PROVIDED RECORDS
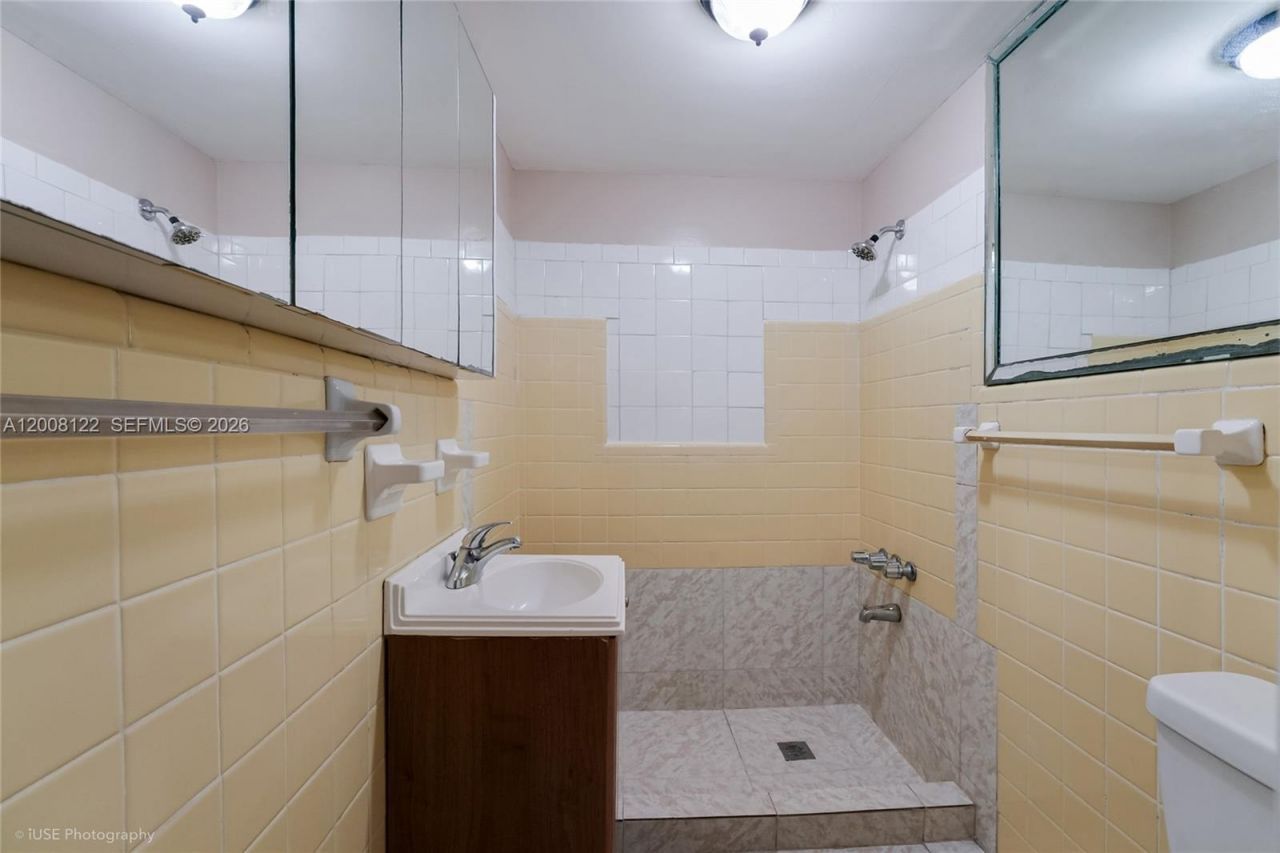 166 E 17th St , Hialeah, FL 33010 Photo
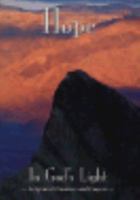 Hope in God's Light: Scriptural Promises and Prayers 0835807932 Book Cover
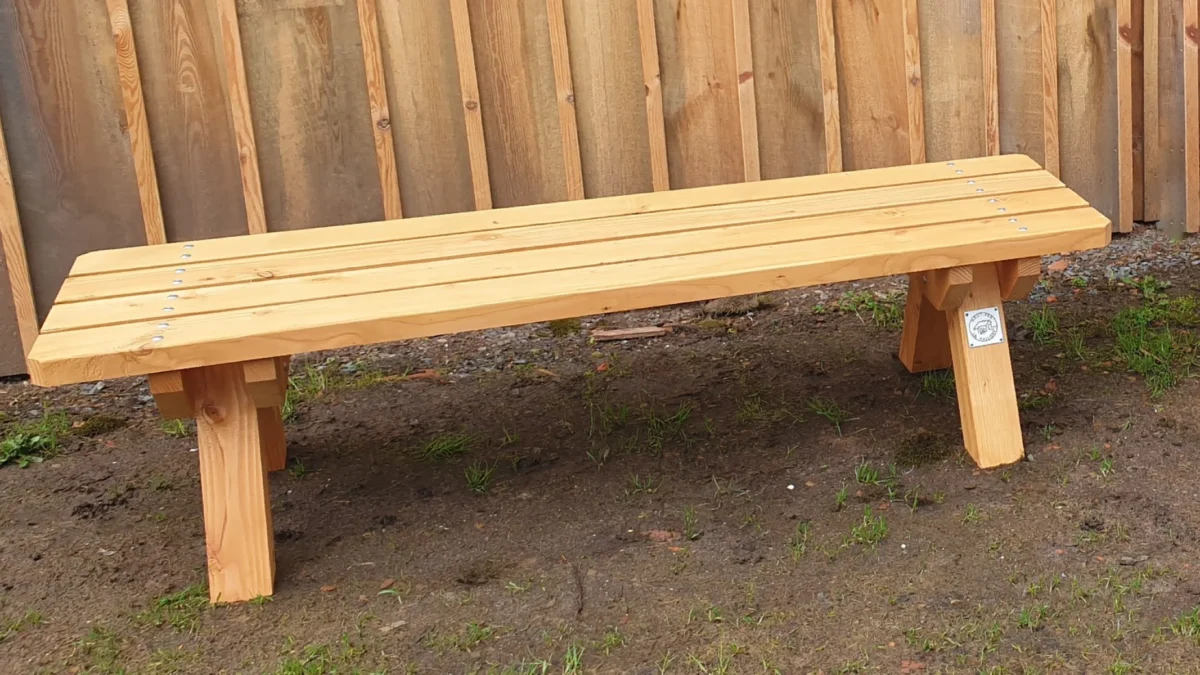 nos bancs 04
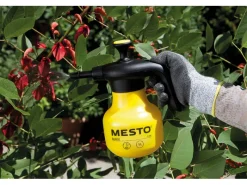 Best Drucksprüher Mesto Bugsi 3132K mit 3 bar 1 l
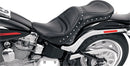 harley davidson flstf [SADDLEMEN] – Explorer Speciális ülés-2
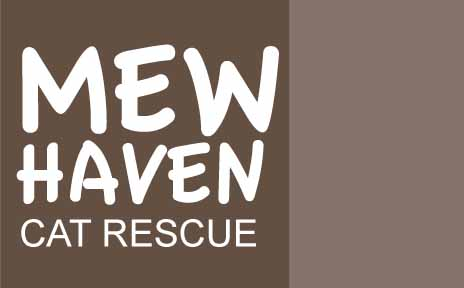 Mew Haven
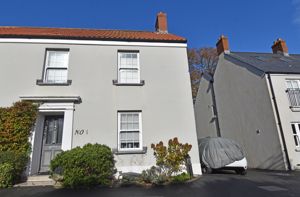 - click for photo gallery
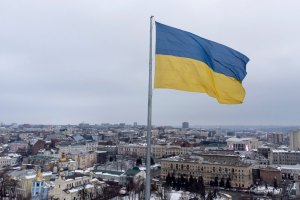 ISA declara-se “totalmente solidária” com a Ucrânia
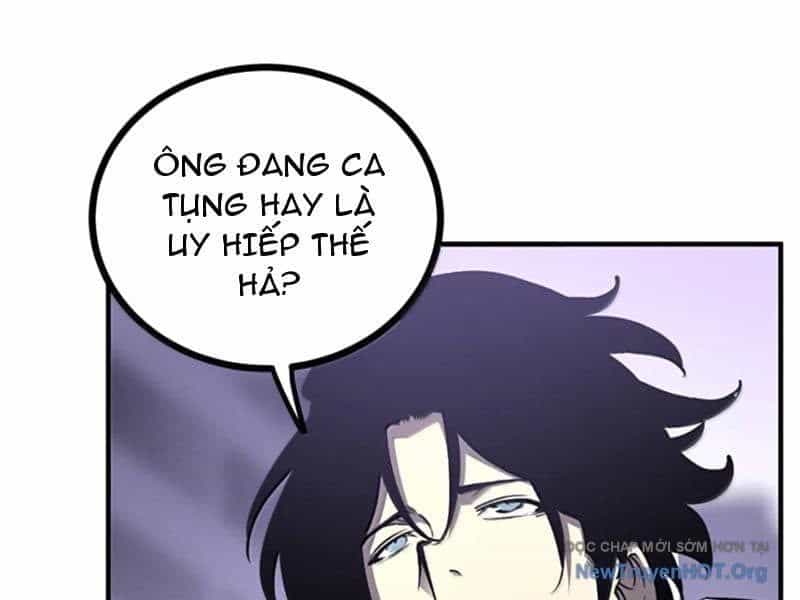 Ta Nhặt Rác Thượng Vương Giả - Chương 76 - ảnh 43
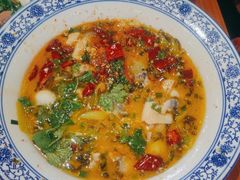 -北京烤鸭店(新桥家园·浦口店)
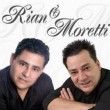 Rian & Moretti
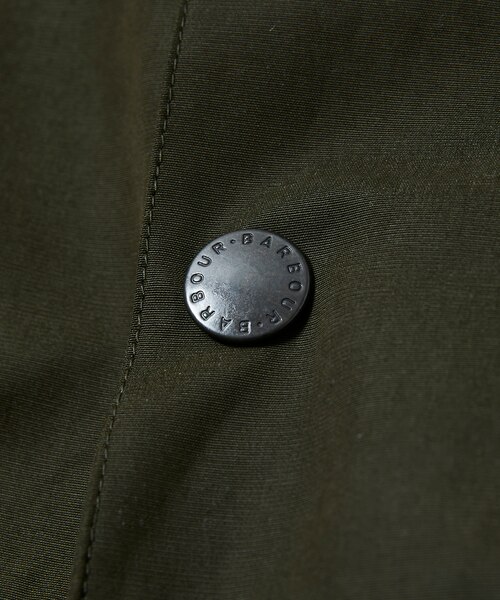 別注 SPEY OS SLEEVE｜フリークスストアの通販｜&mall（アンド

==

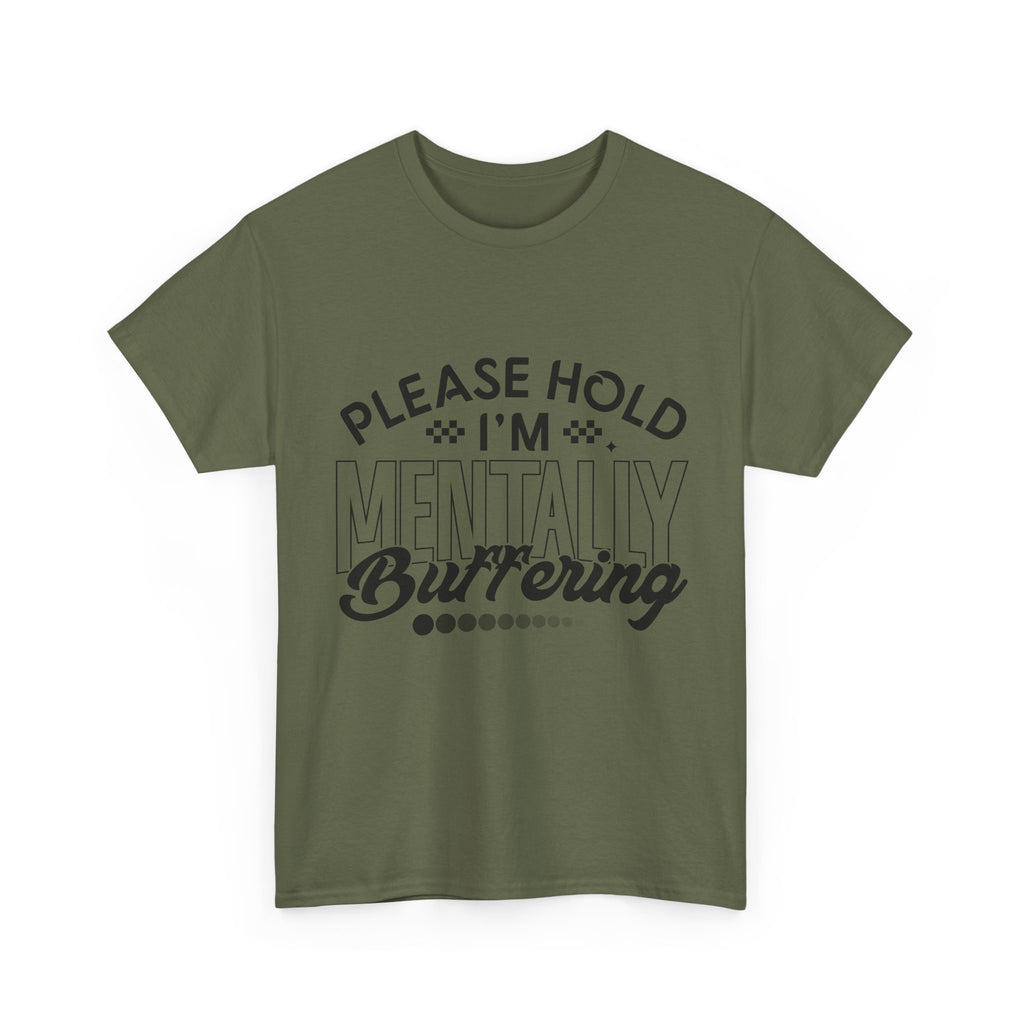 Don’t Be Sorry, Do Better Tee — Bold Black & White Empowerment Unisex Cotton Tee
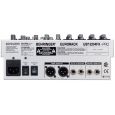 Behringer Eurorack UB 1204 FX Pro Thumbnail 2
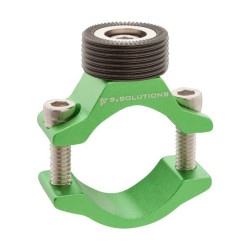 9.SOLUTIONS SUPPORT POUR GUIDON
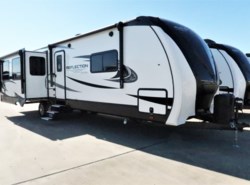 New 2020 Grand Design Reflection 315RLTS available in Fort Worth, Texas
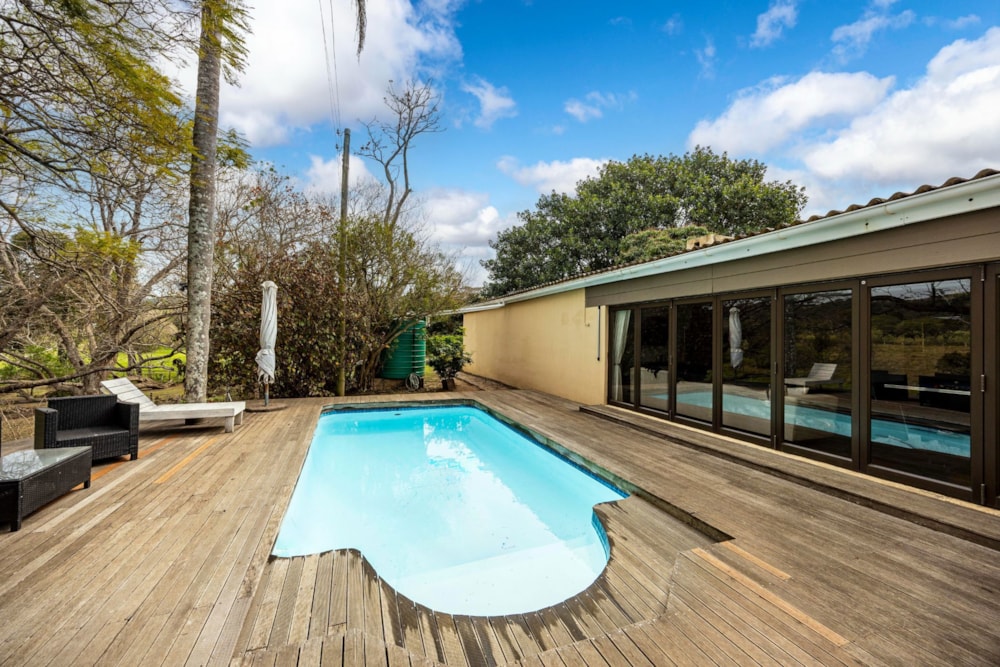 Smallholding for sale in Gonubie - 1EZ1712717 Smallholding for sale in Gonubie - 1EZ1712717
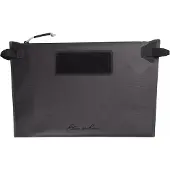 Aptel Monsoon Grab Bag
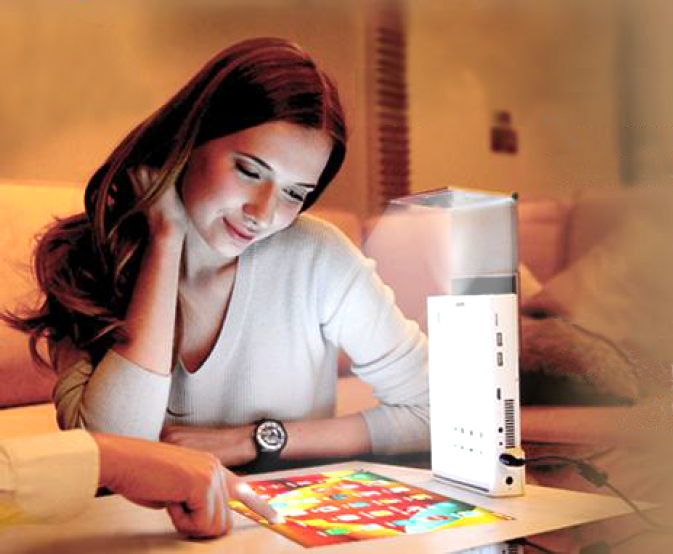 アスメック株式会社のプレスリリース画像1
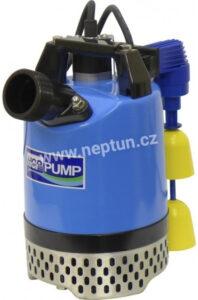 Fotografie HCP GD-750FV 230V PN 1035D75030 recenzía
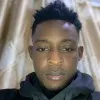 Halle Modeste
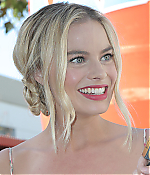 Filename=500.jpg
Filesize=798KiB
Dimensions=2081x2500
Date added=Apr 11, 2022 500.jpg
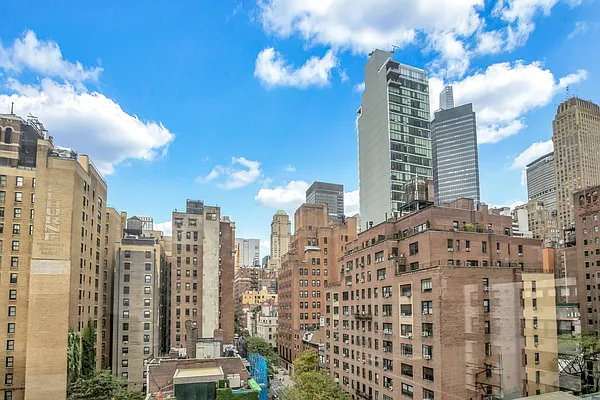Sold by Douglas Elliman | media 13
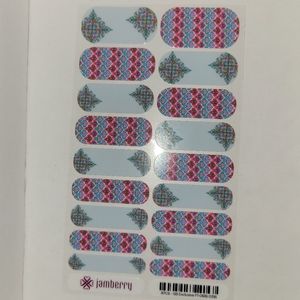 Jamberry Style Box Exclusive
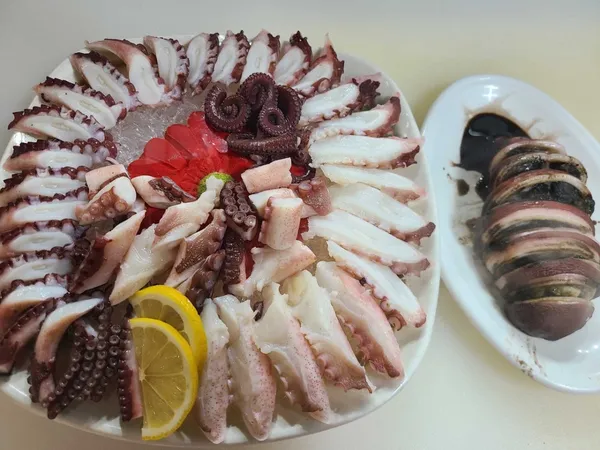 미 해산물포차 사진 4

TASK ITEM
Return only the stretch above from the line containing "Fotografie HCP GD-750FV" through the line containing "미 해산물포차 사진 4", word for word and without pictures.

WRITTEN RESPONSE
 Fotografie HCP GD-750FV 230V PN 1035D75030 recenzía
 Halle Modeste
 Filename=500.jpg
Filesize=798KiB
Dimensions=2081x2500
Date added=Apr 11, 2022 500.jpg
Sold by Douglas Elliman | media 13
 Jamberry Style Box Exclusive
 미 해산물포차 사진 4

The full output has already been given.